Dabei ist auf griechischer Seite ein Austritt realistischer denn je. Syriza-Chef Alexis Tsirpas ist aussichtsreich in den Wahlkampf gestartet. Er ist Sozialist und will sein Land dem Vernehmen nach nicht um jeden Preis in der Eurozone halten. Tichy warnt jedoch vor der Gefahr eines Dominoeffekts. "Ein Austritt Griechenlands würde mit Sicherheit dazu führen, dass neben dem fragilen Portugal auch die neuen Sorgenkinder der Eurozone, Frankreich und Italien, ins Visier der Finanzmärkte geraten", sagt er. Mehr als 260 Milliarden Euro, und damit etwa 80 Prozent der Gesamtschuld, tragen mittlerweile öffentliche Gläubiger, vor allem die Länder der Eurozone. "Im Falle eines Austritts Griechenlands wäre ein erheblicher Teil dieses Geldes verloren. Das müsste Merkel dem deutschen Steuerzahler, der die Hauptlast trägt, erklären", meint Tichy. Griechenland droht im Falle eines Austritts zudem internationale Abkommen im Dutzend zu brechen. "Das Geld der Welt macht dann einen Bogen um Griechenland", erklärt er weiter. Würde Griechenland aus der Eurozone austreten, könnte die Griechische Nationalbank Staatsanleihen aufkaufen und der Regierung dafür Drachmen en masse drucken, meint der Finanzexperte.
"Technisch ginge das wohl so vor sich, dass sämtliche Euro-Guthaben von Bürgern und Unternehmen auf Bankkonten etwa 1:1 auf Drachme umgestellt würden", so Tichy. "Zudem könnte man versuchen, den Besitz von Euros in Form von Geldscheinen zu verbieten, auftauchende Geldbestände zu beschlagnahmen und ebenso in Drachmen umtauschen.

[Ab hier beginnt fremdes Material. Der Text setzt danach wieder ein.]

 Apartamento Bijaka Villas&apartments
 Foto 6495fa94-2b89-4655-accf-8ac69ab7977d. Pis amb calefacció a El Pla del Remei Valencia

Alle Preise, Schulden, Guthaben und so weiter würden ebenfalls auf Drachmen umgestellt." Ausländer würden davon enorm profitieren - erstmal. Sie könnten billig Häuser zum Beispiel auf Rhodos kaufen. Urlaub auf Kreta würde spottbillig werden, Preise für griechische Produkte wie Wein, Fetakäse, Oliven und Textilprodukte würden erheblich sinken. Doch Griechenland wäre sich selber überlassen.
Laut Meinung vieler Experten würde gar eine Inflation drohen, weil die Regierung die Notenpresse ohne Maß zu halten anwerfen würde. Die Folge wäre, dass die Drachme gegenüber dem Euro stark abwerten würde. Von etwa einem Drittel des Euro ist die Rede. Importprodukte würden sich stark verteuern. 2011 verdiente Deutschland an Exporten nach Griechenland zwar Schätzungen zufolge 5,1 Milliarden Euro, dennoch machen sie nur etwa 0,4 Prozent des Gesamtexportes aus. Trotzdem hält nicht nur der Chef des Münchner Ifo-Instituts, Hans-Werner Sinn, einen Austritt Griechenlands aus der Eurozone für bedenkenswert. Zwar sei ein "Grexit"-Szenario nicht ganz unwahrscheinlich, sagte er dem "Tagesspiegel", doch ein Schuldenschnitt und weitere Milliardeninvestitionen der Europäer seien viel wahrscheinlicher.